# WHAT IS BEING ASKED
Below are records; extract exactly the lines from the one with "Pan of sautéed red onion and sweet potatoes." through the final line, including both, but drop the pictures.

(SOURCE DATA begins)

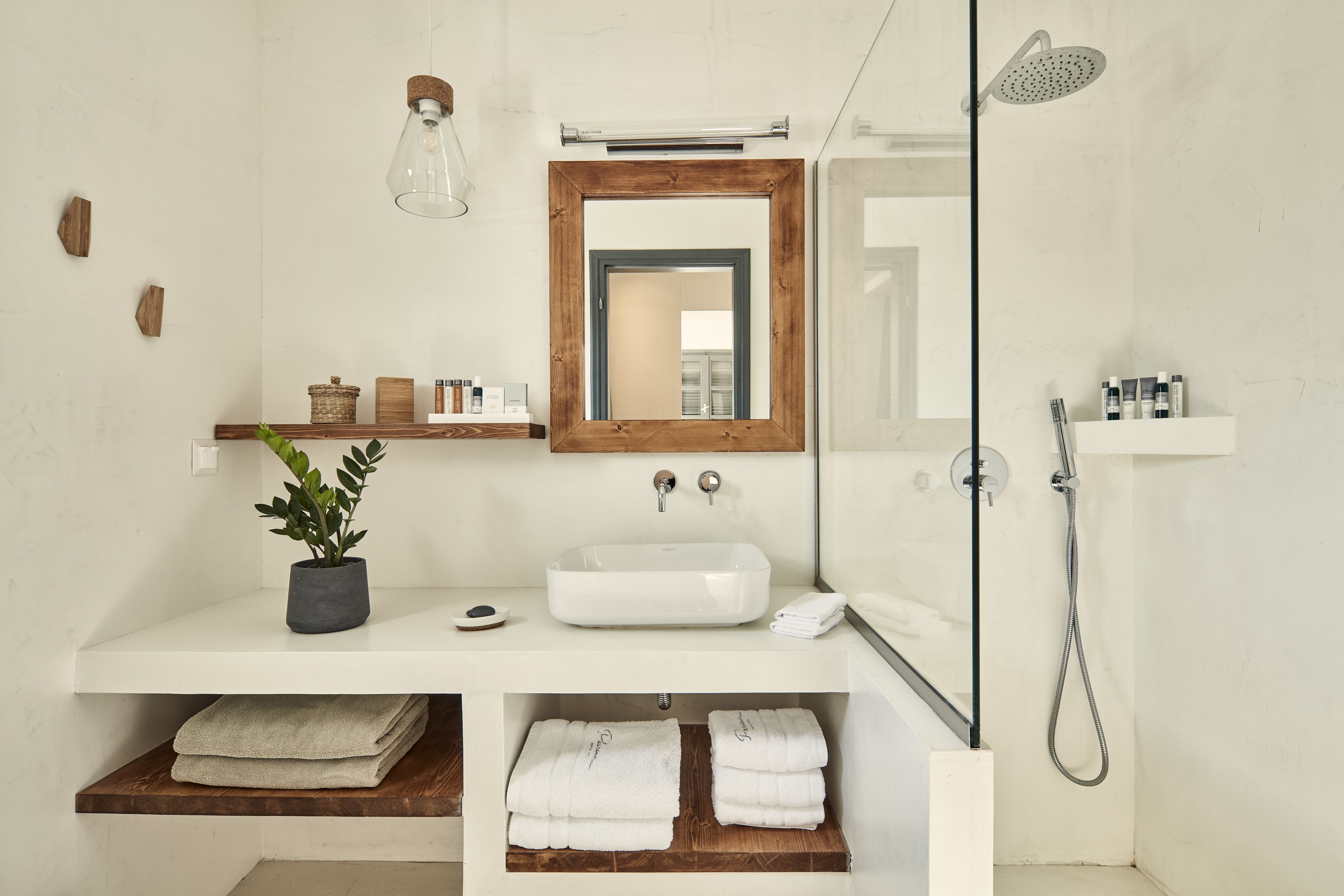 junior suite | bathroom | shower, free toiletries, hair dryer, bathrobes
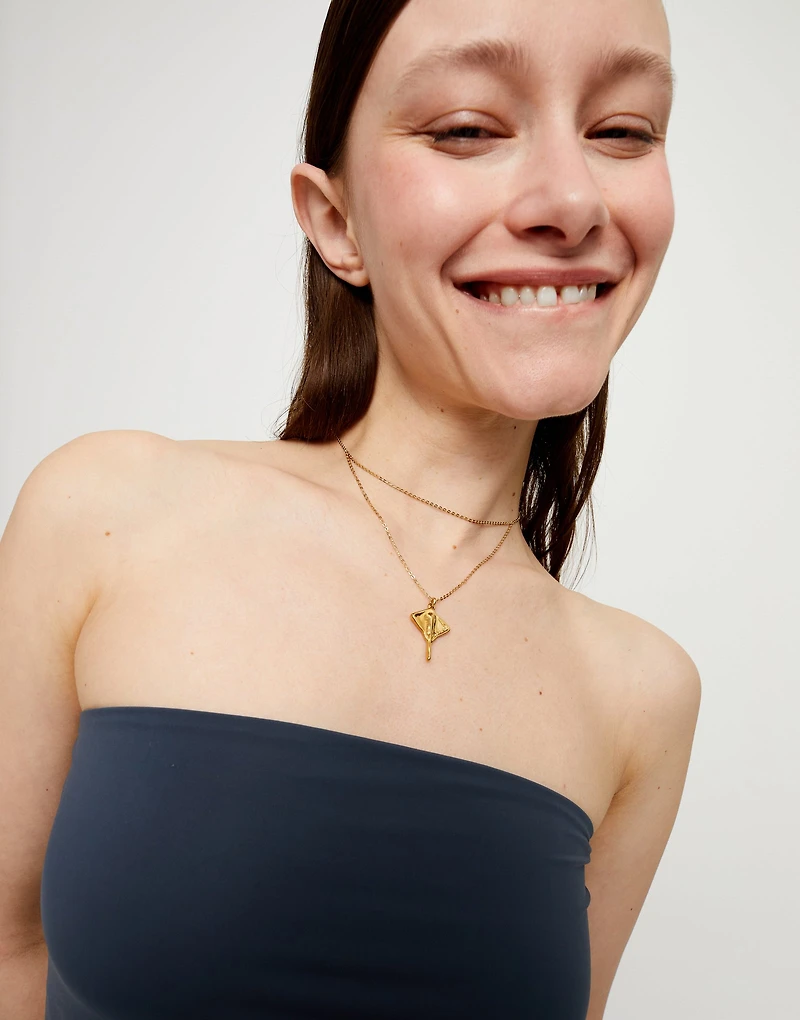 Multi strand chain necklace with manta ray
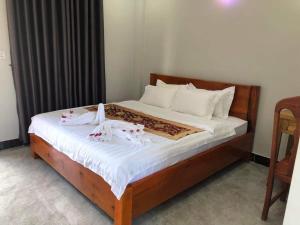 Postel nebo postele na pokoji v ubytování Kro Nhep Guesthouse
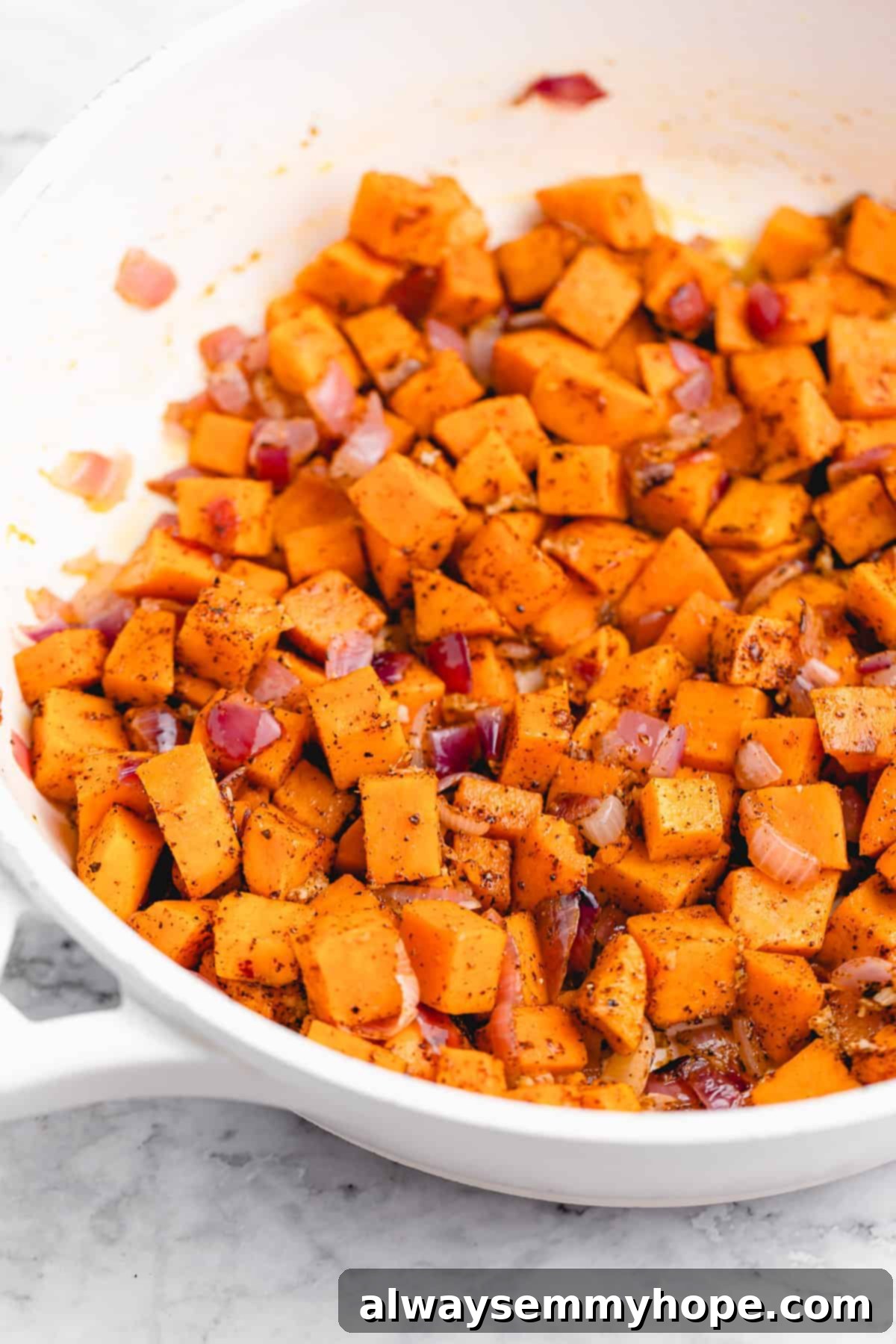 Pan of sautéed red onion and sweet potatoes.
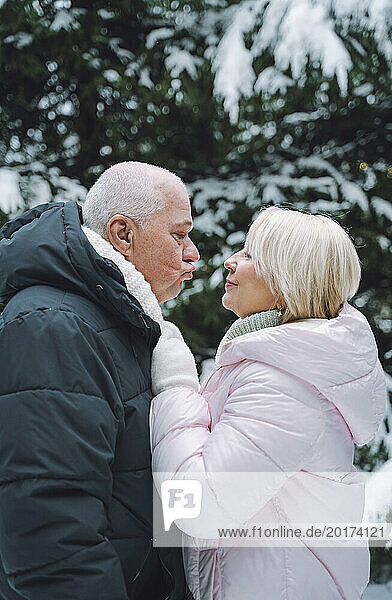 Man puckering lips to woman in warm clothes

(SOURCE DATA ends)

# THE ANSWER
 Pan of sautéed red onion and sweet potatoes.
 Man puckering lips to woman in warm clothes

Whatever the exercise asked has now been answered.